Example Conversion Configuration#

{
    "type": "OpenVINOConversion",
    "input_shapes": [[1, 3, 32, 32]]
}

Model IoUpdate#

OpenVINOIoUpdate pass is a required pass used only for OpenVino IR Model. It converts OpenVINOModelHandler into a static shaped model and to update input and output tensors.

Please refer to OpenVINOIoUpdate for more details about the pass and its config parameters. The "static" parameter defaults to true and does not need to be explicitly overridden.

Example IO Update Configuration#

{
    "type": "OpenVINOIoUpdate",
    "input_shapes": [[1, 3, 32, 32]],
    "static": false
}

Post Training Quantization (PTQ)#

OpenVINOQuantization pass and OpenVINOQuantizationWithAccuracy passes will run Post-training quantization for OpenVINO models, as well as ONNX models, and support the uniform integer quantization method. This method allows moving from floating-point precision to integer precision (for example, 8-bit) for weights and activations during the inference time. It helps to reduce the model size, memory footprint and latency, as well as improve the computational efficiency, using integer arithmetic. During the quantization process the model undergoes the transformation process when additional operations, that contain quantization information, are inserted into the model. The actual transition to integer arithmetic happens at model inference.

Please refer to OpenVINOQuantization for more details about the OpenVINOQuantization pass and its config parameters.

Please refer to OpenVINOQuantizationWithAccuracy for more details about the OpenVINOQuantizationWithAccuracy pass and its config parameters.

Example PTQ Configuration#

{
    "type": "OpenVINOQuantizationWithAccuracy",
    "data_config": "calib_data_config",
    "validation_func": "validate",
    "max_drop": 0.01,
    "drop_type": "ABSOLUTE"
}

Weight Compression#

OpenVINOWeightCompression pass runs Weight Compression to compress Huggingface to OpenVINO model and Huggingface to ONNX model, as well as ONNX to ONNX model using Intel® NNCF.

Please refer to OpenVINOWeightCompression for more details about the OpenVINOWeightCompression pass and its config parameters.
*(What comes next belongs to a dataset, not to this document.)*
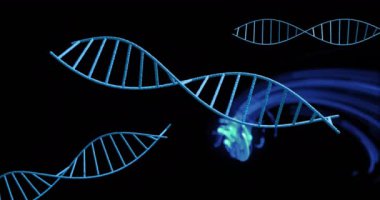 DNA iplikleri ve dönen mavi ışık animasyonu. Genetik, biyoteknoloji, bilim, moleküler, sarmal, araştırma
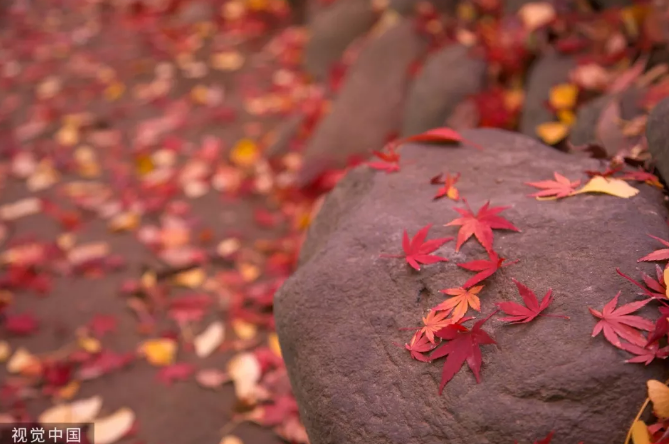 今日立冬，又一重要节气-日皮视频免费看软件日皮视频APP在线看黄机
Example Weight Compression Configuration#

{
    "type": "OpenVINOWeightCompression",
    "data_config": "compress_data_config",
    "transform_fn": "custom_transform_func",
    "extra_args": { "tokenizer": true },
    "compress_config": {
        "mode": "INT4_SYM",
        "ratio": 0.8
    }
}

Model Encapsulation#

OpenVINOEncapsulation pass is used to generate an onnx model that encapsulates a OpenVINO IR model. It supports OpenVINOModelHandler for now.
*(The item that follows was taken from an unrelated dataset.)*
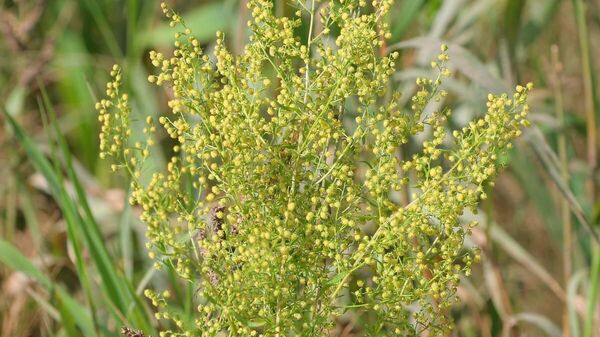 Полынь однолетняя Artemisia annua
Please refer to OpenVINOEncapsulation for more details about the pass and its config parameters.

Example Encapsulation Configuration#

{
    "type": "OpenVINOEncapsulation",
    "target_device": "npu",
    "ov_version": "2025.1"
}

Optimum CLI Command for Generative AI workloads#

OpenVINOOptimumConversion pass will run optimum-cli export openvino command on the input Huggingface models to convert those to OpenVINO models and perform weight compression and quantization if necessary to produce an output OpenVINO model.

Please refer to OpenVINOOptimumConversion and also to optimum-cli export openvino for more details about the pass and its config parameters.

Example Optimum Conversion Configuration#

{
    "type": "OpenVINOOptimumConversion",
    "extra_args" : { "device": "npu" },
    "ov_quant_config": {
        "weight_format": "int4",
        "dataset": "wikitext2",
        "awq": true
    }
}